Source information START
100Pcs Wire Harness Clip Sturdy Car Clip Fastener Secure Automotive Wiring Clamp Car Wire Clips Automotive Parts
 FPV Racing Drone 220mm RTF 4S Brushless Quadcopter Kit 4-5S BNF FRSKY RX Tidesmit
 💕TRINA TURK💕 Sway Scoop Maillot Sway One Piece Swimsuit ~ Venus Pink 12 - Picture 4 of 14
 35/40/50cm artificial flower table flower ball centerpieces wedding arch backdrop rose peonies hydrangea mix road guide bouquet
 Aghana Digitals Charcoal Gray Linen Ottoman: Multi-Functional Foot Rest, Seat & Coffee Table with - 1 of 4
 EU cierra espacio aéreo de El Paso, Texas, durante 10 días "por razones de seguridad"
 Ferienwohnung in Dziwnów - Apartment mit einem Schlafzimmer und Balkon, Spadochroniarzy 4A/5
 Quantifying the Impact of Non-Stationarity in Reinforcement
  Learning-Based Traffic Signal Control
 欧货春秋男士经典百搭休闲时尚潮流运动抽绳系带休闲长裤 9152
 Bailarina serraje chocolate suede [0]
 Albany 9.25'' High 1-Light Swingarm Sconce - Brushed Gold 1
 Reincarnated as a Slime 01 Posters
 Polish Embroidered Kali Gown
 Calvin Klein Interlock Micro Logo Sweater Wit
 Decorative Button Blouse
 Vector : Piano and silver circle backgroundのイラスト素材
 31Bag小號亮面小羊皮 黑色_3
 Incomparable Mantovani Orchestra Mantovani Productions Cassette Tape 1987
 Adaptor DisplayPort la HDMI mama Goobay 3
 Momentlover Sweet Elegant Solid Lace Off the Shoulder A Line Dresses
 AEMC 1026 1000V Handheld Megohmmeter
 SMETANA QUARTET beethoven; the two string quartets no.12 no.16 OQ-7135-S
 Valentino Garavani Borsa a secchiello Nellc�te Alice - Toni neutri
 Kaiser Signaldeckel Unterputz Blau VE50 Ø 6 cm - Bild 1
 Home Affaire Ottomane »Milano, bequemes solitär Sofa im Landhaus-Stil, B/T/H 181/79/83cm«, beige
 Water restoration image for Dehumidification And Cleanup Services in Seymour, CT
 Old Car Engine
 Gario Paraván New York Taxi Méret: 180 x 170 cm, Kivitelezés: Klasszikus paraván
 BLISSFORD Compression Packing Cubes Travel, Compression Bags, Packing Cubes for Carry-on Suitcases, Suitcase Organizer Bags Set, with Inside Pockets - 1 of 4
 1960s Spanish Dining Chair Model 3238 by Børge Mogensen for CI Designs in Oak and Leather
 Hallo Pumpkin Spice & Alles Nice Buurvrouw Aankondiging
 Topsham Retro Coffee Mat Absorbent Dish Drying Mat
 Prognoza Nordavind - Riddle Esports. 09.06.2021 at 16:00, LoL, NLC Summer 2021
Source information END
Exercise directions: Show every line above in which the word "Coffee" appears.

Written solution:
 Aghana Digitals Charcoal Gray Linen Ottoman: Multi-Functional Foot Rest, Seat & Coffee Table with - 1 of 4
 Topsham Retro Coffee Mat Absorbent Dish Drying Mat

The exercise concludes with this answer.